Work request
Please copy the lines below, exactly as they are, from the one with "Immunohistochemistry analysis of" through the one with "Survival outcomes in", and leave out the pictures.

Available data
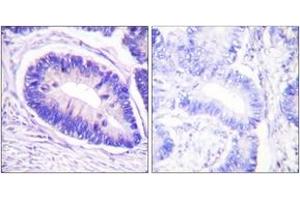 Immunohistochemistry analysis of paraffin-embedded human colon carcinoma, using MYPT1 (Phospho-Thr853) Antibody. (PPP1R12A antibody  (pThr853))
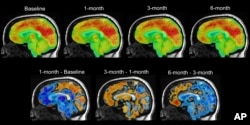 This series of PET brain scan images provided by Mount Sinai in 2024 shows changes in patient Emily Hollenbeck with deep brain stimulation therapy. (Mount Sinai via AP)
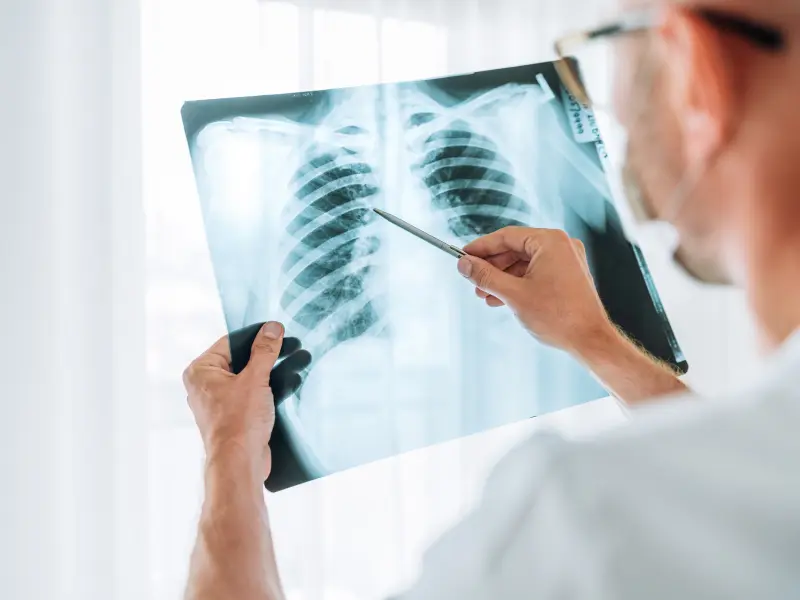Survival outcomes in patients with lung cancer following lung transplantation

==

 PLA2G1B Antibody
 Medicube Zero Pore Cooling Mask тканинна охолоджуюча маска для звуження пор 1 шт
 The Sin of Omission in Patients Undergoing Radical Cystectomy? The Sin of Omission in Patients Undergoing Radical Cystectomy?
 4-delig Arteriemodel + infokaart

--

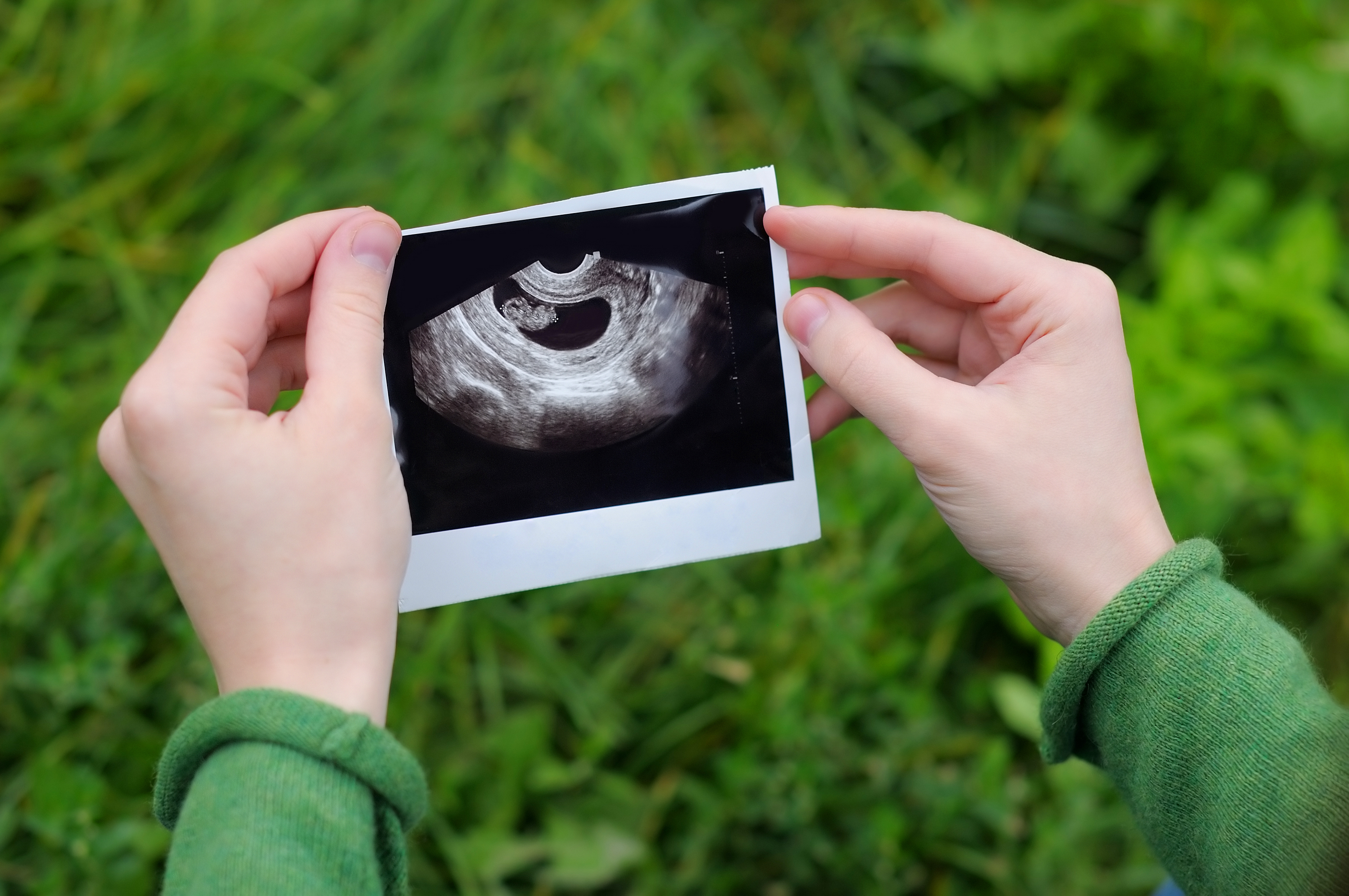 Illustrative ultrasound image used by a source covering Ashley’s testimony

Output below
 Immunohistochemistry analysis of paraffin-embedded human colon carcinoma, using MYPT1 (Phospho-Thr853) Antibody. (PPP1R12A antibody  (pThr853))
 This series of PET brain scan images provided by Mount Sinai in 2024 shows changes in patient Emily Hollenbeck with deep brain stimulation therapy. (Mount Sinai via AP)
Survival outcomes in patients with lung cancer following lung transplantation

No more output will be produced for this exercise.